Os incêndios provocados pela ação humana devem afetar a qualidade do ar nas cidades, a até milhares de quilômetros de distância, pois o material particulado, metais vestigiais e gases de efeito estufa podem se dispersar para longe das florestas.
O relatório adverte que, em todo o mundo, os governos devem preparar os sistemas de saúde para os impactos de incêndios recorrentes causados pela aceleração da crise climática, pelo desmatamento e pelo manejo precário da terra.
Na Amazônia, as partículas emitidas pela queima de biomassa permanecem na atmosfera por, pelo menos, uma semana e podem ser transportadas por longas distâncias, afirma o documento. Segundo uma estudo publicado em 2017 na revista Nature, a queima de biomassa na região amazônica causa danos ao DNA e morte celular em células pulmonares humanas.
Dois dos mais importantes biomas brasileiros, a Amazônia e o Pantanal, vêm sofrendo com queimadas recorde desde o início da gestão do presidente Jair Bolsonaro (sem partido) e o desmonte sistemático dos órgãos de fiscalização.
Em 2020, a Amazônia teve 103.161 focos de incêndio, de acordo com dados do Instituto Nacional de Pesquisas Espaciais (Inpe). Isso representa aumento de 15,5% em relação a 2019, quando haviam sido registradas 89.176 ocorrências.
A maioria dos focos de incêndios florestais na região é registrada no Arco do Desmatamento que se estende do Pará ao Mato Grosso, e até a área de fronteira entre o Brasil e o Peru e a Bolívia.
Também no ano passado, o Pantanal registrou seu recorde de queimadas, 22.116 casos. Foi o maior número desde que os focos de incêndio passaram a ser medidos nesse bioma pelo Inpe, em 1998. Em relação a 2019, os focos de queimada mais do que dobraram, conforme a reportagem do Estadão.

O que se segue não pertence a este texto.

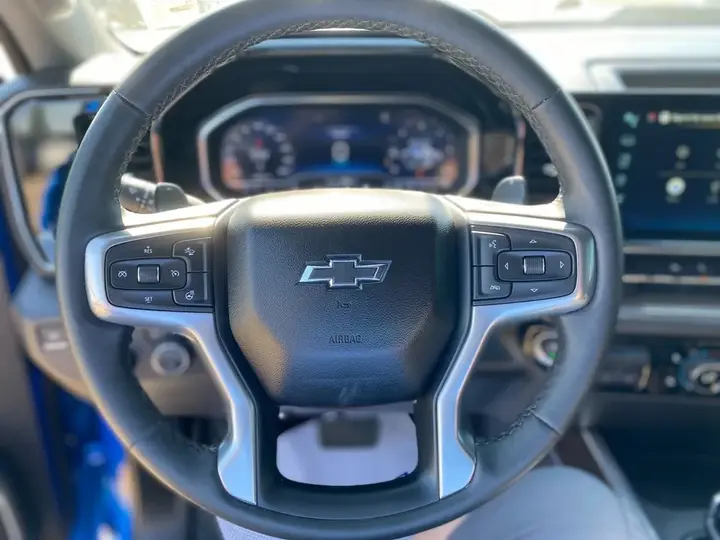 Chevrolet Silverado 1500 2025 photo 4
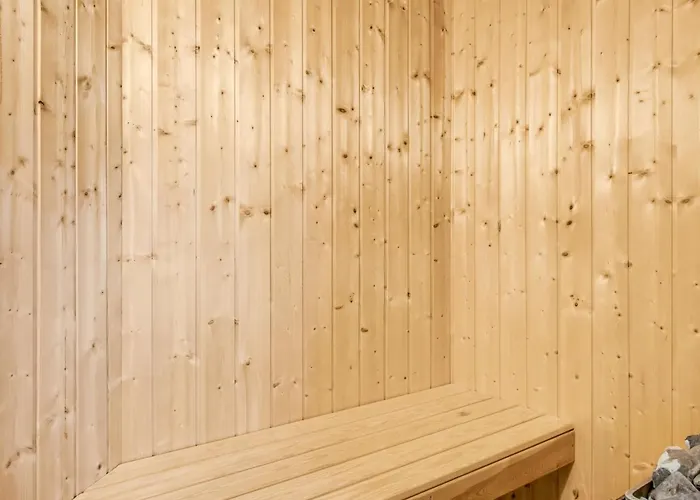 Svenny - 800m From The Sea By Interhome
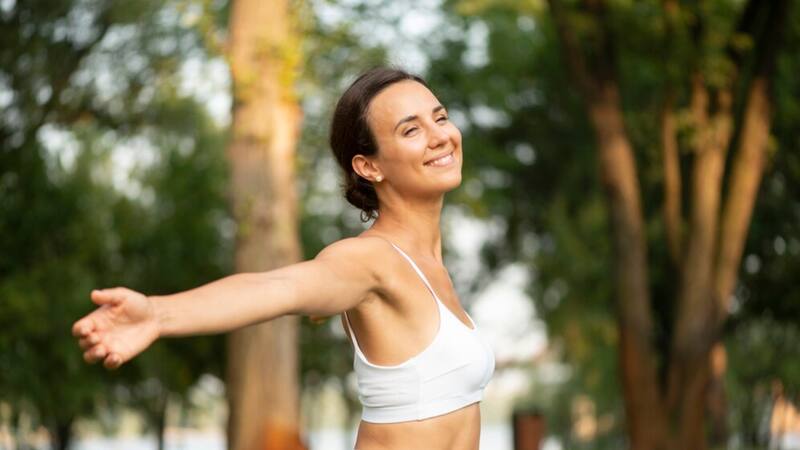 Estar en forma es posible y no se necesita una dieta estricta, según una experta.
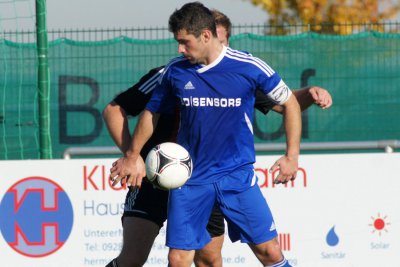 Foto des Albums: Weitere Spielszenen vom Spiel gegen Saas-Bayreuth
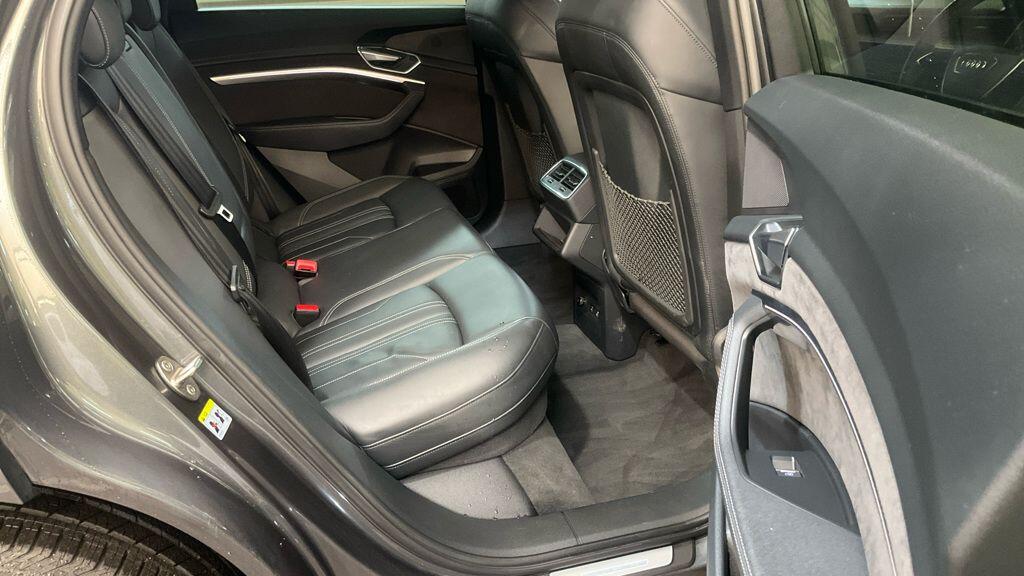 Used Audi e-tron 2021 for sale - 77287190: Photo 7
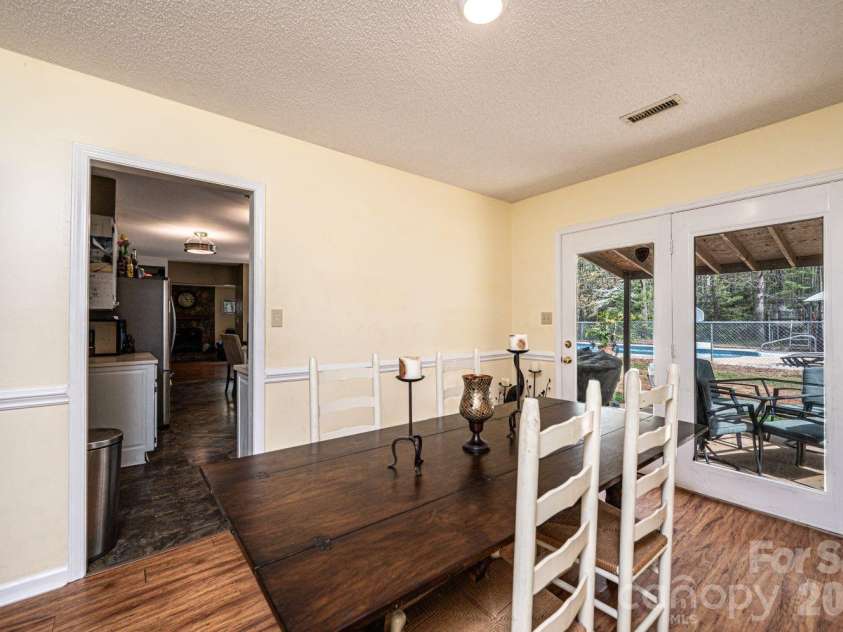 70 Sienna Drive, Hickory, NC 28601.  MLS# CAR4365038, YatesRealty ID 12057. 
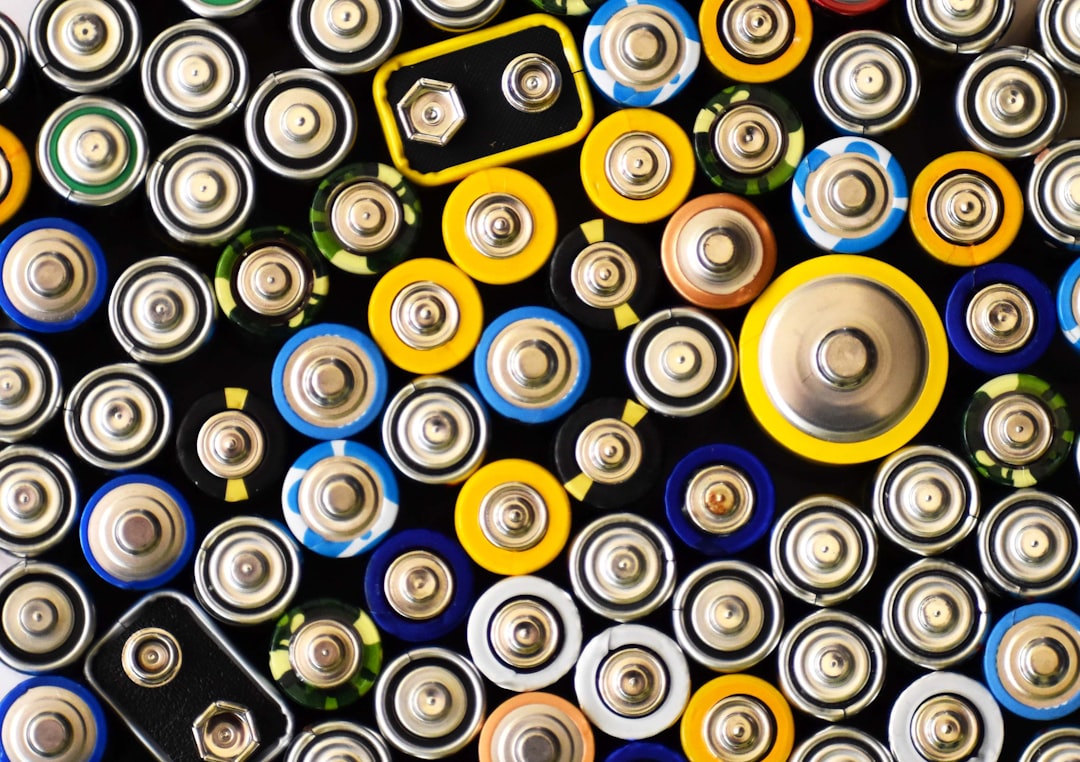 Stroom opslaan thuis: wat batterij opslag je oplevert
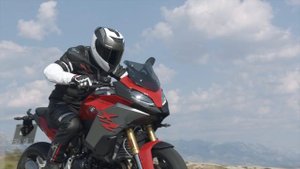 IN THE SPOTLIGHT: The new BMW F 900 R & BMW F 900 XR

Embora os efeitos a curto prazo da fumaça dos incêndios florestais sobre a saúde estejam bem documentados, os efeitos a longo prazo da exposição prolongada ainda são desconhecidos, afirma o estudo.
Doenças e mortes
A fumaça dos incêndios florestais causa cerca de 339.000 mortes prematuras por ano em todo o mundo, muito mais do que aquelas por causa direta, estima um estudo de 2012 realizado por pesquisadores canadenses, norte-americanos e australianos.
A exposição a qualquer aumento da poluição do ar pode causar efeitos adversos na saúde humana, especialmente em crianças, idosos e pessoas com condições médicas crônicas preexistentes.
Os impactos no curto prazo da fumaça dos incêndios florestais incluem tosse e falta de ar. Ela também é um gatilho para episódios de asma e está associada a um aumento no atendimento hospitalar de emergência após um curto período de exposição, particularmente em crianças. Estudos recentes encontraram uma relação com os pedidos de ambulâncias por problemas respiratórios, cardiovasculares e por diabetes.
As fontes de água também podem ser contaminadas pelas cinzas dos incêndios. Os povos indígenas da Amazônia brasileira são particularmente vulneráveis à fumaça porque nessas comunidades há uma alta prevalência de doenças respiratórias evitáveis, como a tuberculose, em comparação com a média nacional.
No relatório da Human Rights Watch sobre a poluição do ar durante as queimadas de 2019 na Amazônia, constatou-se que muitas pessoas tinham acesso limitado às unidades de saúde, portanto os dados sobre o número de pacientes hospitalizados no Brasil só oferecem uma imagem incompleta do impacto dos incêndios sobre a saúde.
Estima-se que quase três milhões de pessoas foram expostas a níveis nocivos de material particulado fino durante os incêndios daquele ano.